Activity.
What is needed is every line, exactly as given, from the line containing "Seat Ateca FR-lijn 1.5 TSI DSG" through the end of the data below.
[Records — start]
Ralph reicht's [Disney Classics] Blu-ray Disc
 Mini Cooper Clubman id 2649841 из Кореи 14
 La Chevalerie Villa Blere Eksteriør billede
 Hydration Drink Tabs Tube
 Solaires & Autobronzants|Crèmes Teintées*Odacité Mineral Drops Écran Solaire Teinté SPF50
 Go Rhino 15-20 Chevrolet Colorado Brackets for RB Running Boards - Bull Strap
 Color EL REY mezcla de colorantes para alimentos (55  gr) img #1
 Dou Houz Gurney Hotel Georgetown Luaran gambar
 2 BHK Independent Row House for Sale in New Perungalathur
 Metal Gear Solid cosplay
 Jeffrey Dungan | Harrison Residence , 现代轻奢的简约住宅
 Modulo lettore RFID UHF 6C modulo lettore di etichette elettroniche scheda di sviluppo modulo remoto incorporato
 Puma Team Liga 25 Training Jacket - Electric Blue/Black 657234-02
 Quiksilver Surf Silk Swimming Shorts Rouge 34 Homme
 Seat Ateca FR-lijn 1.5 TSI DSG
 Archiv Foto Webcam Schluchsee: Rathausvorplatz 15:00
[Records — finish]
Expected answer.
 Seat Ateca FR-lijn 1.5 TSI DSG
 Archiv Foto Webcam Schluchsee: Rathausvorplatz 15:00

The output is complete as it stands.